Internee's Album Pages
Various professional photographers
Miscellaneous photography, including professional, media, and propaganda
From the collection of Japanese American and Japanese Canadian experience
circa 1942-1945
About
Professional photography of the internment camps served multiple purposes, from propaganda to documentation. These images provide a unique perspective - the view from the outside looking in - and often reflected the government's attempt to control the narrative around internment.
These professional photographs require particularly careful viewing, as they often served to normalize or minimize the reality of mass incarceration. While internee photographers used formal portraits and careful composition to preserve dignity while documenting imprisonment, professional photographers often created images that obscured the true nature of the camps. The stark contrast between government-approved photographs showing "normal" life and the reality of armed guards and barbed wire fences reveals how photography became a tool for shaping public perception. Even seemingly straightforward documentation, like panoramic arrival photos or aerial postcards, took on complex meanings when sold back to the imprisoned community as souvenirs of their own incarceration.
Media outlets like Life Magazine portrayed a carefully curated version of camp life, emphasizing the government's role as a "caretaker" while glossing over the harsh realities of imprisonment. Meanwhile, camp publications like the Tule Lake Guardsman Magazine offered glimpses into the complex relationship between guards and internees.
The commercial aspect of internment photography is particularly striking in the production of camp postcards, including aerial views that were sold to internees themselves. These images, along with panoramic photographs of arrivals and departures, document the scale of displacement while simultaneously serving as artifacts of how the camps were presented to the wider public.
Photographs

Publications like this one, Camp Tule Lake Guardsman Magazine, May 1945 issue, would have articles about the life of the families who were guards in the camp, including curious articles about how to understand the Japanese Americans. This issue is from the Tule Lake Museum on the fair grounds.

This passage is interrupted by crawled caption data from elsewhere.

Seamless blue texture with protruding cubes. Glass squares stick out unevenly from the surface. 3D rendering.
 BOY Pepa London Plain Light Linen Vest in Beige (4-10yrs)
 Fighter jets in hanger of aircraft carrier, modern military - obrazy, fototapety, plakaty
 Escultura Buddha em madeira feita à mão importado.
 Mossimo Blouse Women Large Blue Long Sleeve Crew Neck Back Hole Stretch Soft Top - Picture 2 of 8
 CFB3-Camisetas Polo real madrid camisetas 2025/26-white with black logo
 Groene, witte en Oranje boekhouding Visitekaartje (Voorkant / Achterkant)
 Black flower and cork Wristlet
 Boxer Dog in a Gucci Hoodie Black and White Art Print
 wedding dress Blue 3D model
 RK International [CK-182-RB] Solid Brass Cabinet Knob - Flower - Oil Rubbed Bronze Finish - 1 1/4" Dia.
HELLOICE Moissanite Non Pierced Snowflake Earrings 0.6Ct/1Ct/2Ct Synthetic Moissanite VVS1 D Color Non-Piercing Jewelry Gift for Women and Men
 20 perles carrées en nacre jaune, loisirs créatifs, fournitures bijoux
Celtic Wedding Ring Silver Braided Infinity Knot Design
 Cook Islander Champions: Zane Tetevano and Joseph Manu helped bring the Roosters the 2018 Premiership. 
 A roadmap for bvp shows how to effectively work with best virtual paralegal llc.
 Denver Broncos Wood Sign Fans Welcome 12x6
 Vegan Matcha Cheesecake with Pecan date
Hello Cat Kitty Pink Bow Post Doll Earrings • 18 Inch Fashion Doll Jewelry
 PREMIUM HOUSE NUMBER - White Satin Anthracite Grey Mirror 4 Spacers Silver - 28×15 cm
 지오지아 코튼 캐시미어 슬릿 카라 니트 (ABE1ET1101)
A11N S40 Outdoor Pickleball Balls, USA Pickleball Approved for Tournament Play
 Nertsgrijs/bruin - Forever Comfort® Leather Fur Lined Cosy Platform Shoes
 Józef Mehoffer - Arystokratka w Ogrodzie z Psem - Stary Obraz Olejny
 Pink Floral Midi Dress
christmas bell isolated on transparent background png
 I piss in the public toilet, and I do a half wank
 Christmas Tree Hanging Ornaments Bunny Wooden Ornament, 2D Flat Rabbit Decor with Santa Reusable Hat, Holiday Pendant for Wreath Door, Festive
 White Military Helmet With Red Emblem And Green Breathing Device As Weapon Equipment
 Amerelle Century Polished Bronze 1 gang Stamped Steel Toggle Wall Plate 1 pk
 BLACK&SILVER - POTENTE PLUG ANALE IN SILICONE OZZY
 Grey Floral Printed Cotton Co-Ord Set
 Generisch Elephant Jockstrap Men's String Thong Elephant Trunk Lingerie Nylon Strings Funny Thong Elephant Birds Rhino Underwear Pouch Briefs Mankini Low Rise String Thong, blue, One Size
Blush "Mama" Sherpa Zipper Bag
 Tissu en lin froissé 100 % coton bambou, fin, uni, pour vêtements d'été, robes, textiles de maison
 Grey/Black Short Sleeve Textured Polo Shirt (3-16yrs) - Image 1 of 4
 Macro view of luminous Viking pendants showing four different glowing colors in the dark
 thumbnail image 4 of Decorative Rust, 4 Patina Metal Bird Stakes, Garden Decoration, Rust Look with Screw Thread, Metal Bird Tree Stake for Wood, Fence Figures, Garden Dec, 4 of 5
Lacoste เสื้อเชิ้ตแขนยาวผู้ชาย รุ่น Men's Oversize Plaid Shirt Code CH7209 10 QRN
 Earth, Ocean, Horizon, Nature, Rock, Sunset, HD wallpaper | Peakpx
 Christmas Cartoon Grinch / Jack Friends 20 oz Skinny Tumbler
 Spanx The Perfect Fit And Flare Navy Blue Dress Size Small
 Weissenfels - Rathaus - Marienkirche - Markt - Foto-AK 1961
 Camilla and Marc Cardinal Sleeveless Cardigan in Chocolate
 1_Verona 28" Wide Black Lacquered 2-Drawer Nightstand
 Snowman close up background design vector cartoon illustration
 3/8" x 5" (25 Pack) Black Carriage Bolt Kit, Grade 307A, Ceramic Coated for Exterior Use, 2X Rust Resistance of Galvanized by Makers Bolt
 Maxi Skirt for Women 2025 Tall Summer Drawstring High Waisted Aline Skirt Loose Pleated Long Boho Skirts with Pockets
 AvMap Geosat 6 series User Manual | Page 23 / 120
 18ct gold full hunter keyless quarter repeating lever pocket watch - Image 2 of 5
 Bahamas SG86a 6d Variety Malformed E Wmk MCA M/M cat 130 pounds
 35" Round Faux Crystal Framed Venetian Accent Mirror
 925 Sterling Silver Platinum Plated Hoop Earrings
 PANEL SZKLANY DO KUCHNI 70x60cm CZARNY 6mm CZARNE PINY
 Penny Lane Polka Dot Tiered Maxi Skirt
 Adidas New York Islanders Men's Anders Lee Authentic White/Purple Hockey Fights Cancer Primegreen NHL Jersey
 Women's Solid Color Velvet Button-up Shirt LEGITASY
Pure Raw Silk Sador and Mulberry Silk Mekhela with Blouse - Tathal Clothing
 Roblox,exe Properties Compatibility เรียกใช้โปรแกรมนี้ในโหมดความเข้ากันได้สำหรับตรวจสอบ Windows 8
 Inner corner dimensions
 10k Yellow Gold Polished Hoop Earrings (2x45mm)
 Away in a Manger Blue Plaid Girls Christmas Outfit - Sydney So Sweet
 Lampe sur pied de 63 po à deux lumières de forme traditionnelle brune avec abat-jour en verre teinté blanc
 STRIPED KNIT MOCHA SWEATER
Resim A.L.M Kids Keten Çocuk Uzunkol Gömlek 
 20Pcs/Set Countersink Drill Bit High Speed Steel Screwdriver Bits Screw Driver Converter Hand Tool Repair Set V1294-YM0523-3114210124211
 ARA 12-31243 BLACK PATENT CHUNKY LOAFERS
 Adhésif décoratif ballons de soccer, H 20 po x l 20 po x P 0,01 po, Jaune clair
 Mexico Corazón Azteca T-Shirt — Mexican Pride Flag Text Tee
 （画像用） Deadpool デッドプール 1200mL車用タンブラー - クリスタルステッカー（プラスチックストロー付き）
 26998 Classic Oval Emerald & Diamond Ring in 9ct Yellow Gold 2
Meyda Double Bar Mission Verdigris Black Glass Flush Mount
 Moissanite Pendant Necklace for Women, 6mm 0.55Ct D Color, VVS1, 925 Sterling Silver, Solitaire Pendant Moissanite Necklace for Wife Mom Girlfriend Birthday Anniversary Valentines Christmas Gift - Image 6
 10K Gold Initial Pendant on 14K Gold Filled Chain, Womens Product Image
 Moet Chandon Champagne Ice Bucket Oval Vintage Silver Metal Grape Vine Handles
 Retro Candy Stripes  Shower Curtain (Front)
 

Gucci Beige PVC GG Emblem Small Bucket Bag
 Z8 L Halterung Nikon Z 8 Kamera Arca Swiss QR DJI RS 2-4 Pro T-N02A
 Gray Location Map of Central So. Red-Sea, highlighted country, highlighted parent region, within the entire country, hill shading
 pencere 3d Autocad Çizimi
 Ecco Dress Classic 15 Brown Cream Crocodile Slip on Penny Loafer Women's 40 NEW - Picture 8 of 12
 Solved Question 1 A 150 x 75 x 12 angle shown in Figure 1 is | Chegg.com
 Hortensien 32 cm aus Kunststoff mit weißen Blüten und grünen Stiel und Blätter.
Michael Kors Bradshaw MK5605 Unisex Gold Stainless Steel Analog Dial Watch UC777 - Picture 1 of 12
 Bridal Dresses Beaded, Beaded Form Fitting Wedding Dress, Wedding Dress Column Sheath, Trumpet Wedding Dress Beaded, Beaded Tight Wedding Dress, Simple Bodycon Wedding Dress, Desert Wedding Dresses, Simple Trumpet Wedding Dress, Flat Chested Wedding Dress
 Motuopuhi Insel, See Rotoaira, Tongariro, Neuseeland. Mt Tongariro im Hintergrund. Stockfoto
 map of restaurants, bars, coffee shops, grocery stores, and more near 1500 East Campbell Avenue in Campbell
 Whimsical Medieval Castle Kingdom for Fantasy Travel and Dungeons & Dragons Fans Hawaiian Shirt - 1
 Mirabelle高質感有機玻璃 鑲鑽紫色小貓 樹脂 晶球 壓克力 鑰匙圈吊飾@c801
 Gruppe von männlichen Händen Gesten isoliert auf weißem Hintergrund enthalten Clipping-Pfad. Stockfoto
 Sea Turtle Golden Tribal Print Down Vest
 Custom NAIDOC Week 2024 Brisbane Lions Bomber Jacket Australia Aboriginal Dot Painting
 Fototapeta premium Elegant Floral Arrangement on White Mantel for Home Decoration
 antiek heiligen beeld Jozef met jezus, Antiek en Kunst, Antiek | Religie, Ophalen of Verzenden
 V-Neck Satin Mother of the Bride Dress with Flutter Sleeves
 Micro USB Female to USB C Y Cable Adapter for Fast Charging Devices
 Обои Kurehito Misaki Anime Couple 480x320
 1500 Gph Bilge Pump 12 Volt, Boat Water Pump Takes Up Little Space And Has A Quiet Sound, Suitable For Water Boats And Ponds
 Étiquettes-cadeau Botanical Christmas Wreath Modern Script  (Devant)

Professional photographers took panoramic photographs of special occurances such as this scene of the arrival of a second or third group of internees fresh off the trains from assembly centers (race tracks). Transience and dislocation was part of the everyday life of the internees. Families were separated and moved to other camps several times.

Sometimes Life Magazine would send their photographers into the internment camps to show life in the camps trying to show the government as a 'caretaker' institution. This is Mr. Ed Akiya playing the guitar and his family in their section of the typical barrack and the family that had to live there. This photograph of Mr. Ed Akiya and his family exemplifies how professional media coverage attempted to normalize internment. While the image shows a family in their living space, it carefully avoids documenting the crowded conditions, lack of privacy, and poor construction that characterized these barracks. The guitar and family grouping suggest domesticity while masking the reality of imprisonment.

View of Granada (Amache) Relocation Camp from the guard tower and fense surrounding the camp. Notice the continuation of the fense on the left picture. While internee photographers often included guard towers in their images to document their imprisonment, official photographs like this one presented them as neutral security features. This sanitized presentation stands in stark contrast to how these same towers were experienced by the imprisoned community - as constant reminders of their loss of freedom.

Post cards were made of each camp, even the camps in Canada had aerial views like this made into post cards. These were sold in the camps to the internees of this very coveted veiw from the outside looking in. The practice of selling aerial view postcards to internees represents a particularly complex aspect of camp photography. These images simultaneously document the prison-like layout of the camps while commercializing the internees' own incarceration. That internees purchased these postcards speaks to their desire to comprehend and document the full scope of their imprisonment, even through the lens of official photography.